A few instances in the past week left me feeling especially vulnerable:
Disclosing some hard things to a friend, receiving pained words from a child, a new unknown surfacing in our future.
Enough of these in a short period have me paying attention to how I respond to vulnerability.
My mouth feels dry. My heart picks up pace. Like mindlessly flipping through the pages of a catalog, my mind scans through possible pathways out of this vulnerable state. I replay the conversation, wondering if I could’ve said it differently. I imagine future scenarios, thinking that planning for the future means a secure future.
All of this can happen in 3 minutes or less. And then I’m on to the rest of my day: picking up legos and pulling the meat out of the freezer for dinner and watering the half-dead succulents.
I’m not too fond of feeling vulnerable — that feeling of exposing a fresh wound to the simplest elements of wind and water. I’ve written several chapters in my books about vulnerability as our inroad to conversation with God, and yet I still notice how much I resist it.
Several times a week: I feel vulnerable — and I push through and past that feeling.
But recently I saw His invitation through my three-year-old. Virginia holds no pretense. She cries a few times a day, though I still call her my “bundle of joy.” The child is full of delight, but she feels. She checks in with me minutes after Nate gets her out of bed and dresses her. She climbs into my lap without asking. She stubs her toe, falls off of her bike, or sees a flash of lightning outside her window, and her first response is to shriek, “Mommy!” or “Daddy!”
Her world is tethered to me: out to explore, back to Mom, out to experience, return to Mom’s lap, out to chase curiosity, exhale in Mom’s safe arms.
Virginia is vulnerable all day long. Bumblebees and thunderclouds and rickety tricycle wheels disrupt her felt strength. So, she returns … to Nate or me. Every time.
She hasn’t learned to drive through, to ignore what scares her or hurts her.
I might not be so suspicious of bolstering up in the face of vulnerability if I didn’t have four children we adopted, whose little years didn’t include that tether. Thunderclouds may have sent the same panic through their toddler-spines, but without a course of action for those vulnerable moments … they flailed.
Kind of like you and me … maybe?
During a time where most everyone in your world and mine is newly vulnerable in some way, I suggest this: rather than push harder, double-down, press through … what if we cry?
Bite your lip, sit on the floor, and let yourself unfurl.
Lay on your bed and feel what you’ve been racing to un-feel.
Open your Bible and ask Him questions*, rather than coaching yourself with what you think are His answers.

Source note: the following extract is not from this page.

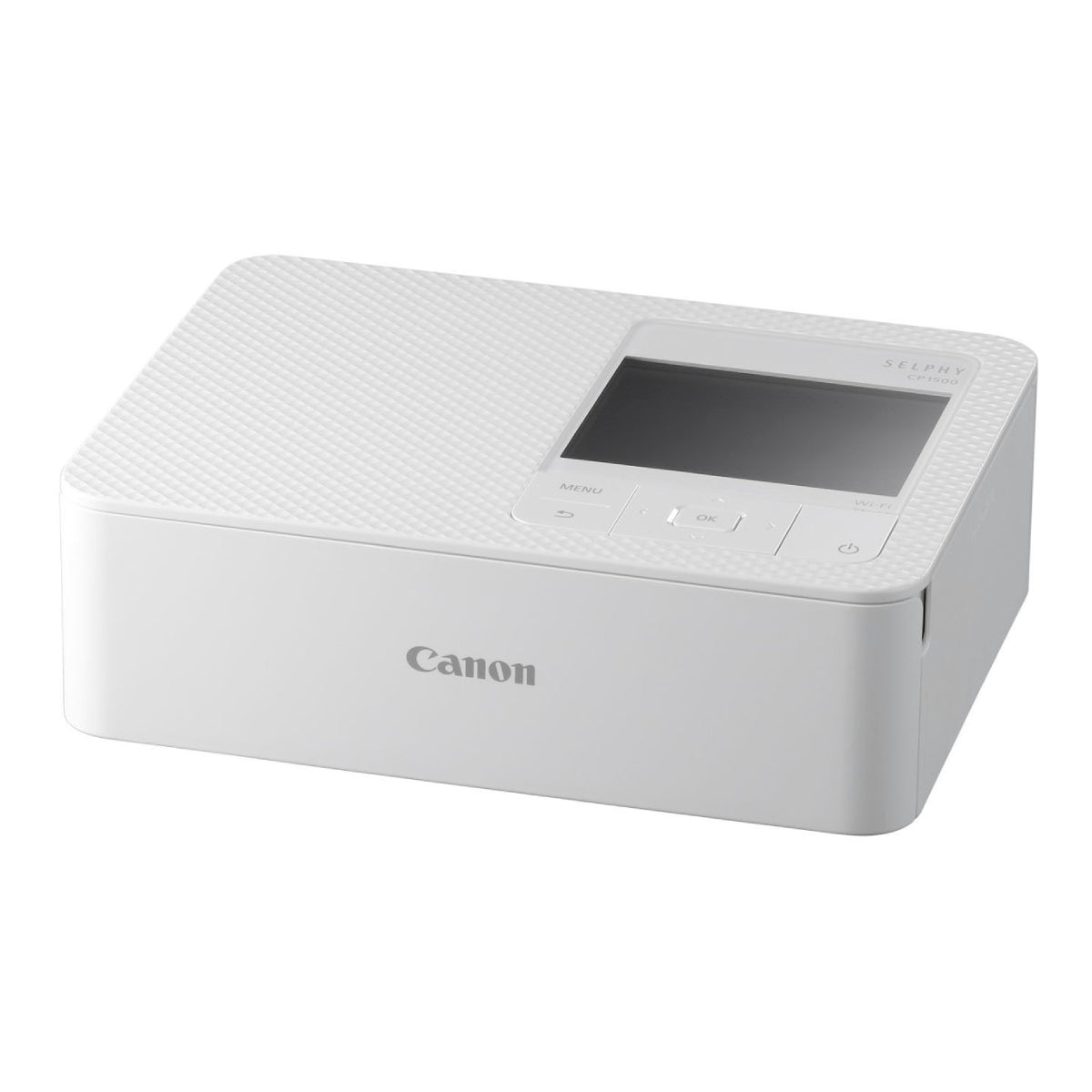 Impresora fotográfica compacta inalámbrica Canon SELPHY CP1500 con soporte para batería - Color blanco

“And calling to him a child, he put him in the midst of them and said, “Truly, I say to you, unless you turn and become like children, you will never enter the kingdom of heaven. Whoever humbles himself like this child is the greatest in the kingdom of heaven.” Matthew 18:3
Were we ever intended to grow out of the vulnerability that childhood proposes — the humility of needing a Father?
I figured that if I write all these book chapters about vulnerability and meeting God in our weak places — and STILL I need a fresh reminder that I am like my three-year-old and He is offering to hold me tight … you might need the same reminder.
Vulnerability (oh that buzz word) only becomes a gift when it brings us back to His lap.
Vulnerability disarms me so that I can find Him – the safest thing I will ever know.